Exhausted from the southward journey, Laycock's party rested in Hobart Town for four days, before commencing their return journey. Following a more easterly route on their northward journey, the party found the going much easier, riding up through the Midlands that was to become the major pastures and farmland of the colony in the following decade. The route that they followed quickly became the 'Hobart Road', the main route between Port Dalrymple (soon after renamed Launceston, Tasmania and Hobart Town. With minor variations, the route is also closely followed by the modern Midland Highway which is the major north-south artery of Tasmania, and forms part of the national highway number 1.

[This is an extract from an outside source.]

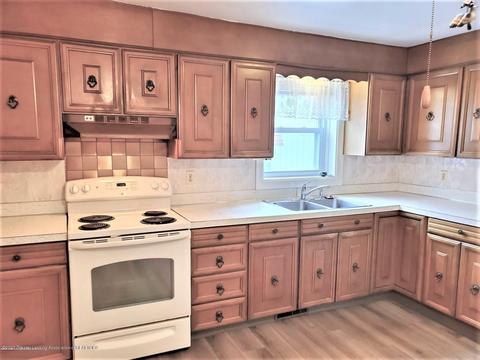 553 E Cavanaugh Rd, Lansing, MI 48910 photo 14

Despite the famine, Laycock was rewarded for important his discovery by being given a cow, which of course was highly valuable given the short supply of food. He returned to Sydney in January 1808.

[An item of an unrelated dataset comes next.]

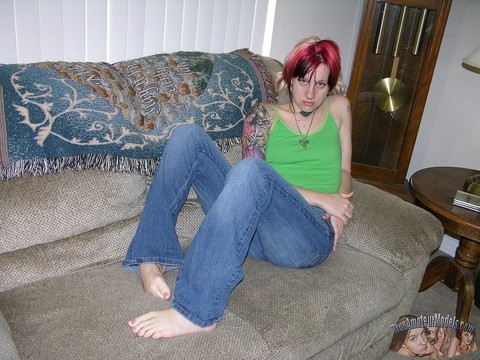 Amateur girl with piercings and dyed hair shows her natural pussy on love seat | Фото 1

Upon his return to Sydney, Laycock discovered that the Rum Rebellion was in full-swing, and the New South Wales Corps, under the leadership of Major George Johnston, and former soldier turned pastoralist John Macarthur had enacted a military coup and had arrested Governor William Bligh. Laycock was appointed to the criminal court that tried Macarthur for his involvement in the plot, and in so doing, he became the only physical casualty of the bloodless rebellion, when he was sent to search Government House for evidence, and fell through a manhole. As a reward for his duties and his discoveries in Van Diemen's Land, Laycock was granted 500 acres (2.0 km2) of land in the Cabramatta region of southwestern Sydney, but like all officers involved in the Rum Rebellion, he had this land confiscated upon the appointment of the next Governor, Lachlan Macquarie.

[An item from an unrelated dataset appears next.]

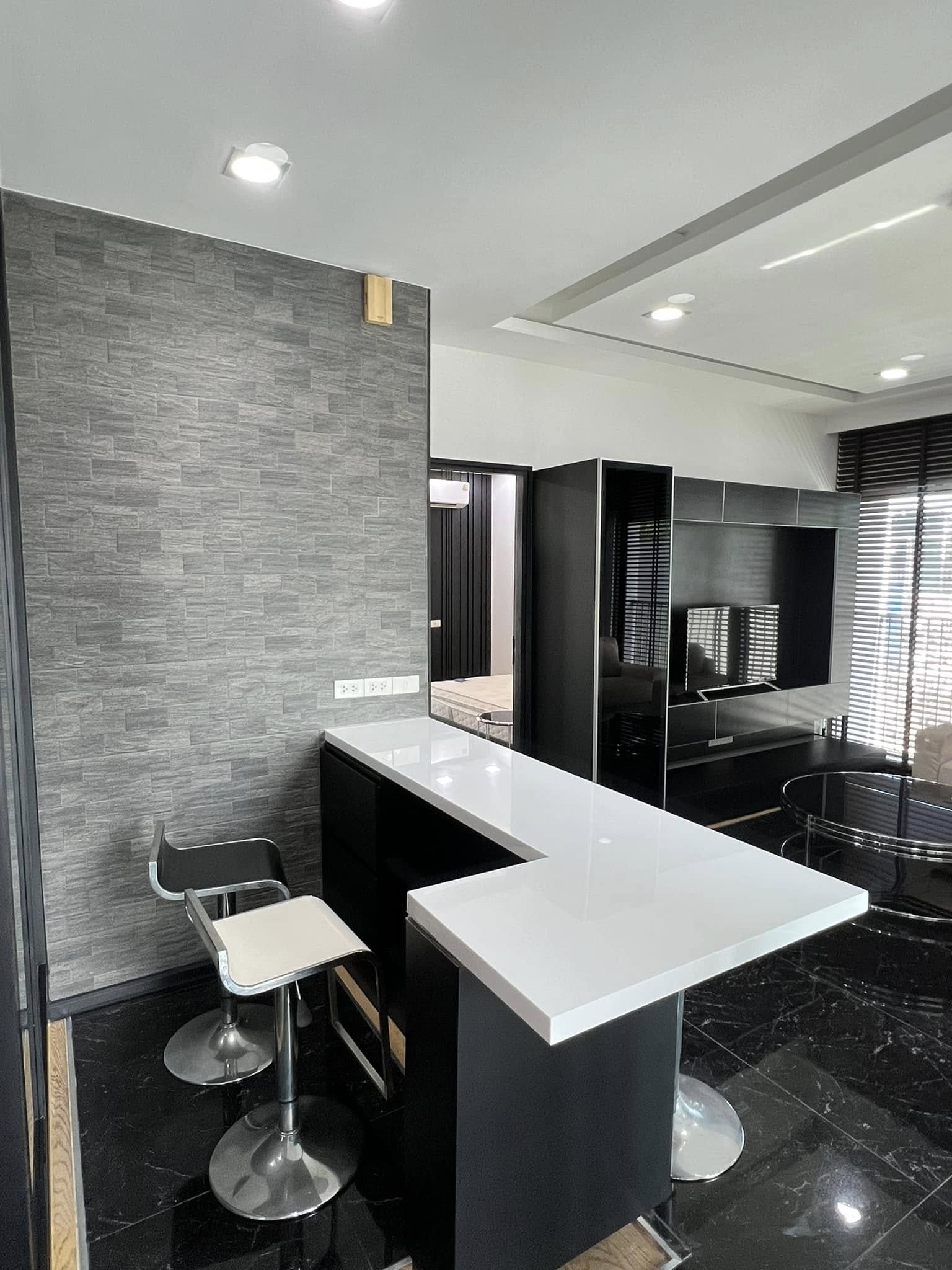 One Bedroom Condo For Rent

On 1 June 1809 he marries Isabella Bunker, daughter of Eber Bunker Following Macquarie's arrival, the newly married Laycock departed from New South Wales with wife Isabella, aboard HMS Dromedary on 18 March 1810, sailing for England.
War of 1812
The New South Wales Corps were disbanded in disgrace following their part in the rebellion, and most of the men transferred into a newly formed 102nd Regiment of foot, and were recalled to England. Laycock also returned to England for the first time since he was a boy, but rejoined with the 98th Regiment of foot. By September 1811 he had been promoted to captain.
The following year, war with the United States broke out in North America, and the 98th foot were dispatched to fight there. For the majority of the war, Laycock's regiment were stationed in Bermuda and New Brunswick, although companies did also garrison parts of the Atlantic coast from 1814 to 1818. Little is known about Laycock's experiences in the war, but he returned to England, selling off his commission upon his return.
Later life and death
Thomas Laycock and wife Isabella sailed immediately for Sydney aboard Fame with their two children, leaving on 8 March 1817, but Isabella took ill during the journey, and died on 12 May 1817. With two young children to look after, Laycock quickly remarried his second wife, Margaret (née Connell) at St. Philips on 8 July 1817, with whom he had a further two children.
Using the money he had saved from his service and sale of commission, he set up a general store and hotel, and quickly became one of the biggest suppliers of meat to the commissariat store. By 1819 he had become involved in local affairs, and was one of the leading citizens is a public call for the right to trial by jury.
Years of life in the military took their toll upon Thomas Laycock, and at the age of 37 he died at home on his estate on 7 November 1823.
- "Family Notices.". The Sydney Gazette and New South Wales Advertiser (NSW : 1803 - 1842). NSW: National Library of Australia. 17 May 1817. p. 3. Retrieved 12 December 2012.